“Everyone will always call it the old Bolsa space,” says chef Matt Balke, sitting next to his girlfriend, Corey McCombs, at the bar inside the beloved restaurant space in North Oak Cliff.
“But over the next year, I want it to be called our space.”
They’re the co-owners of Encina, a New American restaurant that opened quietly on Thursday, Oct. 8, to a room of Bolsa regulars.
Balke’s last job was as the executive chef of Bolsa, one of Dallas' first farm-to-table restaurants and a shining star as the dining scene heated up in North Oak Cliff over the past decade. McCombs was a Bolsa regular, finding herself bellied up to the bar at least once a week after her shifts working at Stephan Pyles, FT33 or Smoke.
When Bolsa closed in January 2020, Balke had ambitions of launching his own restaurant there, with its own identity. He and McCombs have done that with Encina, a restaurant named after Balke’s hometown. But they have kept some of the Bolsa charm in the homey, high-ceilinged room, with Balke noting that Bolsa’s “heart and soul” are still inside the restaurant.
The food’s still there, in a few instances: The sausage and pepper flatbread, which was on the menu since Day One at Bolsa in 2008, made it onto Encina’s menu, with permission from the original owner. It’s Balke’s favorite flatbread and it just felt right, he says.
“It’s perfect. Why try to fight it?”
The beef cheek pastrami from A Bar N Ranch is another Bolsa recipe that has new life at Encina.
The restaurant feels like an homage to several notable restaurants where Balke has worked. He apprenticed at York Street, a popular restaurant in Dallas from chef Sharon Hage. Because of her, nearly 50% of the menu is appetizers.
“Sharon was always good at small plates with big flavor,” Balke says. His small plates are simple, craveable dishes like dates stuffed with blue cheese and wrapped in bacon; skillet cornbread with sorghum butter; and black-eyed pea fritters.
McCombs and Balke also say the menu reflects some of their favorite bites and sips from restaurants and bars they’ve visited on vacations. At home, they have a stack of 150 menus they smuggled out of restaurants from all over the world.
McCombs created the cocktail menu. A drink called Mokonuts is a mix of mezcal, velvet falernum, coconut, lime and agave. It’s named after a restaurant they visited in Paris.

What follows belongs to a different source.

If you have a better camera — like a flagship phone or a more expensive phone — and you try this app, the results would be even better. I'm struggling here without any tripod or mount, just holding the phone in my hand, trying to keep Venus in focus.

She loves the flavor of the Leona River, a cocktail named for the river that flows through Uvalde County, near Balke’s hometown. It’s made with cachaça (a Brazilian spirit similar to rum), green chartreuse, basil, lime and black pepper. She guesses the Flower Patch cocktail — a pink drink with strawberry-rosemary infused vodka, Grand Poppy amaro, lemon and sparkling wine — will be popular, in part because of the pretty color and the edible flower on top, supplied by North Texan Cynthia Mulcahy’s organic farm. Mulcahy supplied edible flowers to Bolsa, too.

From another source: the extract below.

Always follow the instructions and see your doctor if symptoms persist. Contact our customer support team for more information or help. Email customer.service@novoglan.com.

The couple had Bolsa’s patio redone, making it more open, with plastic walls that can roll up to reveal a screened-in room during pleasant weather.
Eventually, Encina will do brunch, as Bolsa did. For now, the restaurant is open for dinner only.
Balke and McCombs say they’re “exhilarated” by the idea that their restaurant is finally launching, after a long and difficult year. They signed the lease for Encina in February, with plans to open by Memorial Day. Instead, the COVID-19 crisis pushed their plans back by nearly five months.
Today’s restaurant launch involves sanitizing every 10 minutes. All employees will be wearing masks. Balke and McCombs are just happy to serve customers during a year nearly devoid of dinner service.
“I think the biggest thing restaurants need to focus on is hospitality,” Balke says. “Especially now, as everybody’s learned to make their own sourdough and pimento cheese at home. People want to be waited on. To be served. And they want to be remembered.”
Encina is at 614 W. Davis St., Dallas. It opened Oct. 8, 2020. It’s open Monday through Saturday, for dinner. Reservations are recommended because of limited occupancies due to COVID-19. No takeout, for now.